_Problem statement:_ Exact reproduction is required for the lines below starting at the line with "Top view of" and ending at the line with "Necklace, Bee Jewelry", both included. No other lines, and no pictures.

_Exercise inputs:_
▼

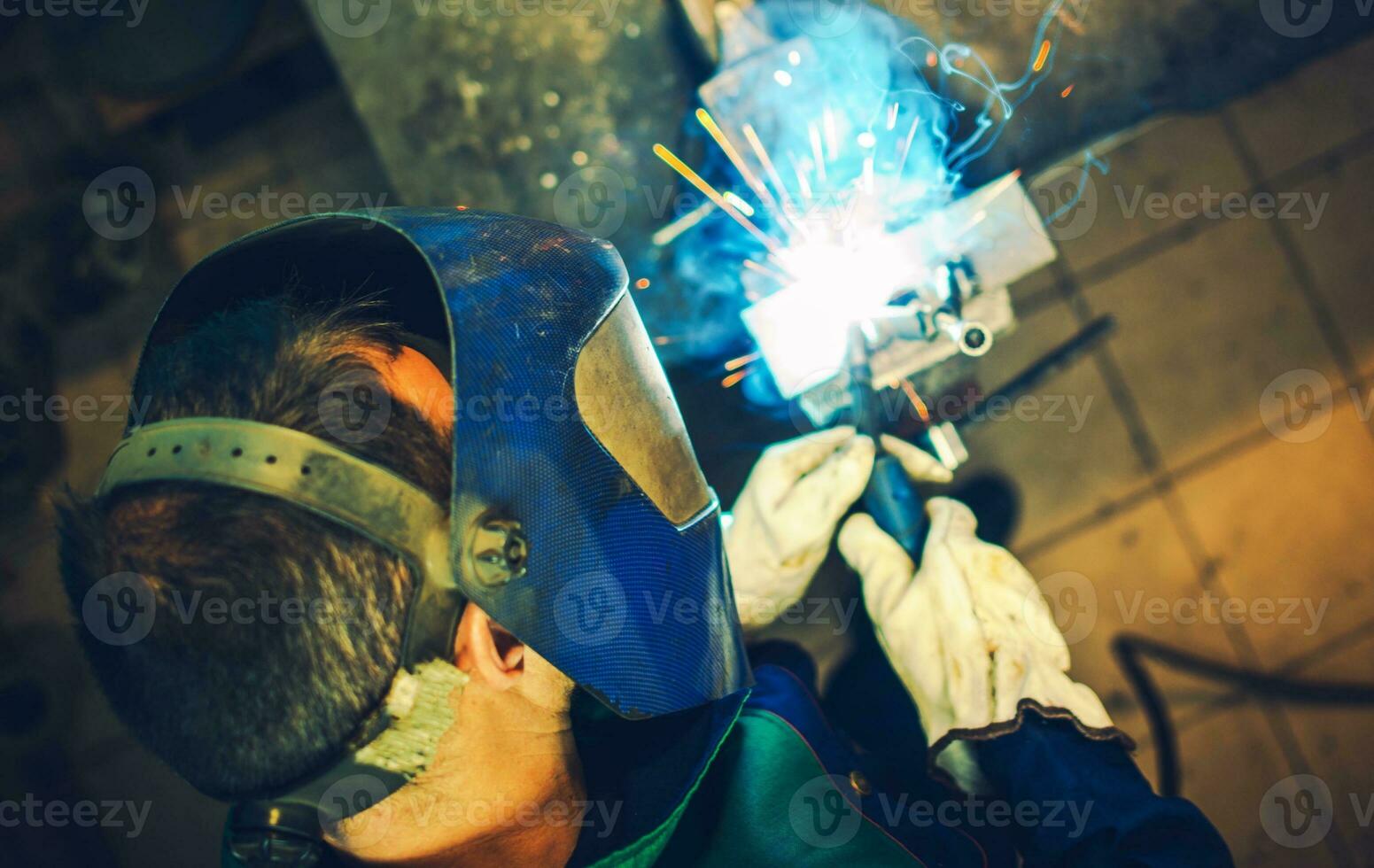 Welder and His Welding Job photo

▲
▼

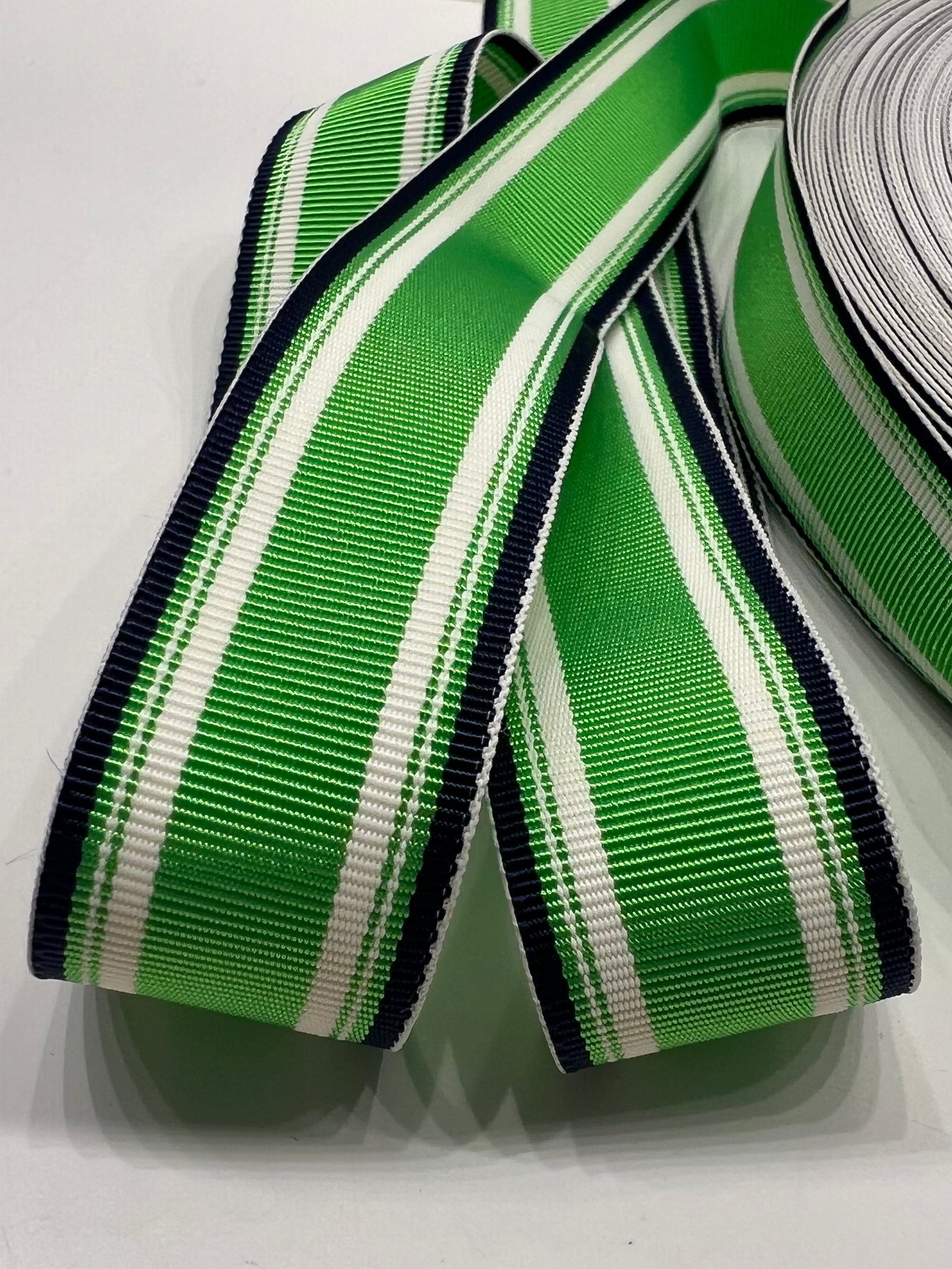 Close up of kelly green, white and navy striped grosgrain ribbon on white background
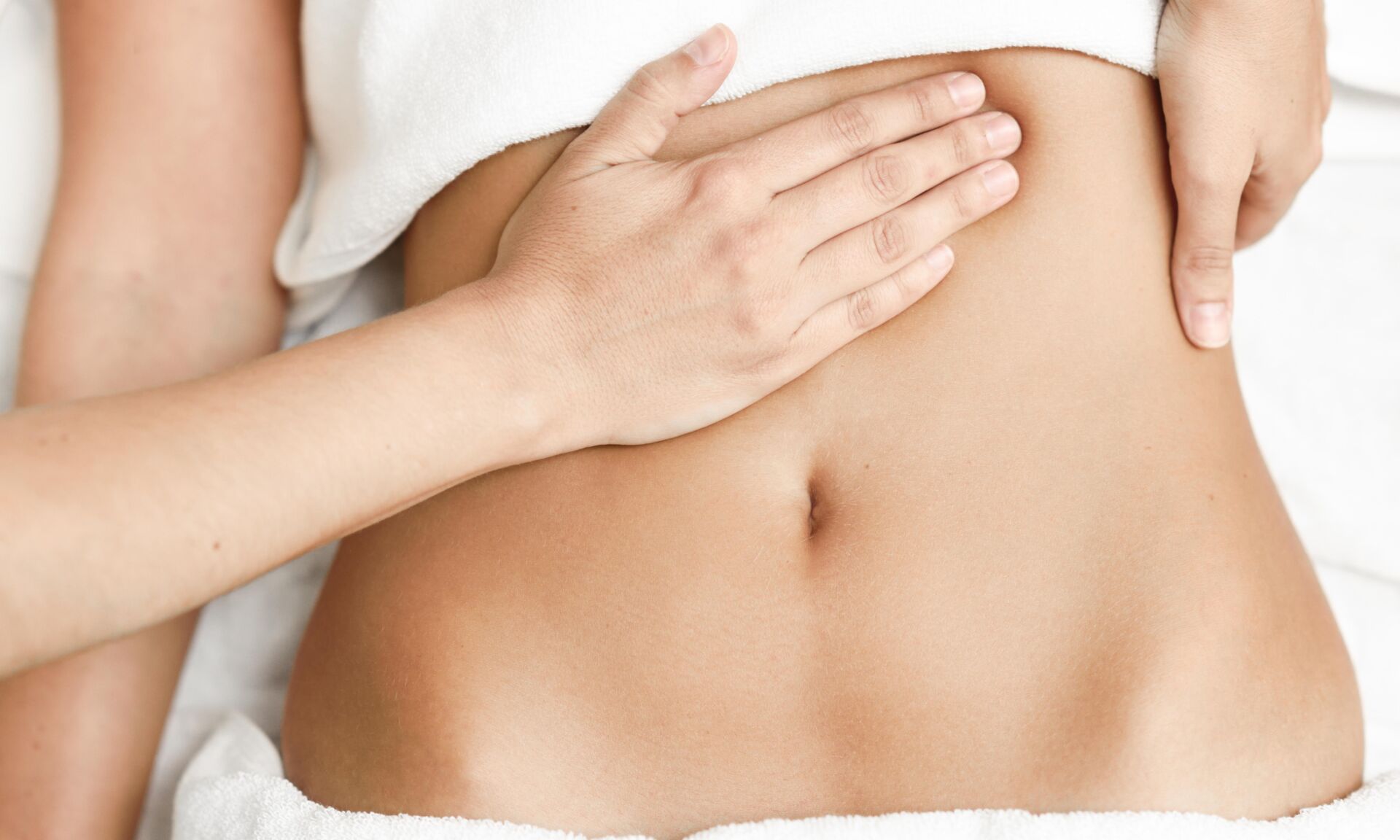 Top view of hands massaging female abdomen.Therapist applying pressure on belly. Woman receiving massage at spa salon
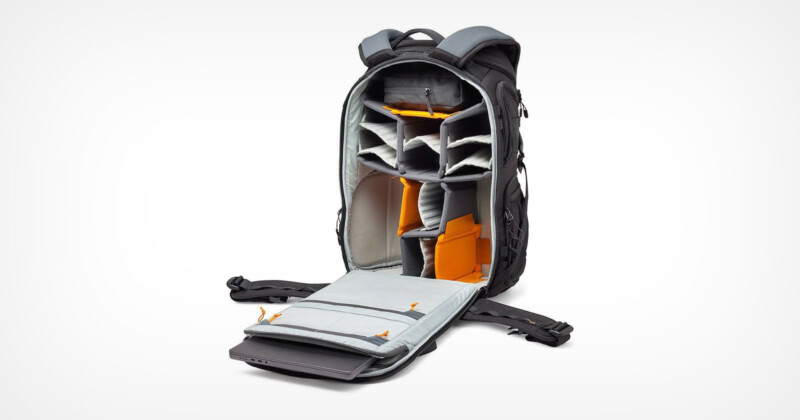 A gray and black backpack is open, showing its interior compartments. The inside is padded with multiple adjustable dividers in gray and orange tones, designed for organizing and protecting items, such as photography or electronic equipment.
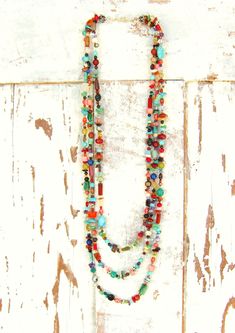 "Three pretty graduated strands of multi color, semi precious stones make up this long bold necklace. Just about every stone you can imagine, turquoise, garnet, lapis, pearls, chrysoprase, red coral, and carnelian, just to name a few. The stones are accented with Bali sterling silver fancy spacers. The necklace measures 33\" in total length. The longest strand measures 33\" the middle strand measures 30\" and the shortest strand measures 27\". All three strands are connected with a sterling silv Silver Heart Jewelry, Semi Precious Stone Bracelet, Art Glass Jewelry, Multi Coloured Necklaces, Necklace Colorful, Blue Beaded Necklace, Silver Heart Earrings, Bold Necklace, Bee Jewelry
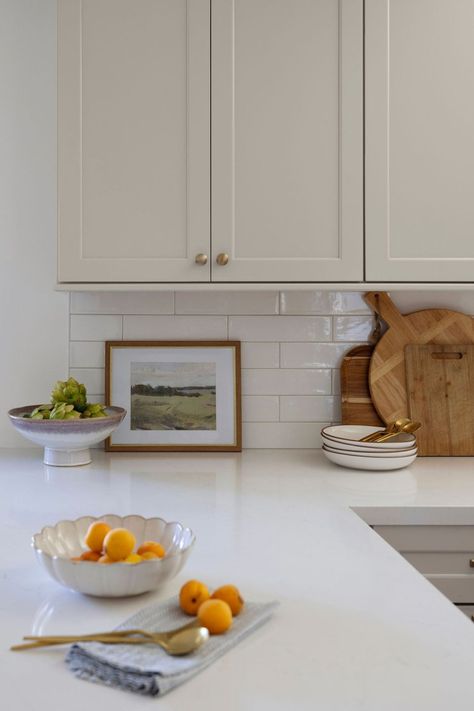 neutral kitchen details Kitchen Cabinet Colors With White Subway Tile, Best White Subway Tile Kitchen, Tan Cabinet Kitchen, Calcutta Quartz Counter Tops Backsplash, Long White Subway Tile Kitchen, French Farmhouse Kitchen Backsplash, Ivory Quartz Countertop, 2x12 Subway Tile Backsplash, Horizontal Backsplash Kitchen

▲

_Output:_
 Top view of hands massaging female abdomen.Therapist applying pressure on belly. Woman receiving massage at spa salon
 A gray and black backpack is open, showing its interior compartments. The inside is padded with multiple adjustable dividers in gray and orange tones, designed for organizing and protecting items, such as photography or electronic equipment.
 "Three pretty graduated strands of multi color, semi precious stones make up this long bold necklace. Just about every stone you can imagine, turquoise, garnet, lapis, pearls, chrysoprase, red coral, and carnelian, just to name a few. The stones are accented with Bali sterling silver fancy spacers. The necklace measures 33\" in total length. The longest strand measures 33\" the middle strand measures 30\" and the shortest strand measures 27\". All three strands are connected with a sterling silv Silver Heart Jewelry, Semi Precious Stone Bracelet, Art Glass Jewelry, Multi Coloured Necklaces, Necklace Colorful, Blue Beaded Necklace, Silver Heart Earrings, Bold Necklace, Bee Jewelry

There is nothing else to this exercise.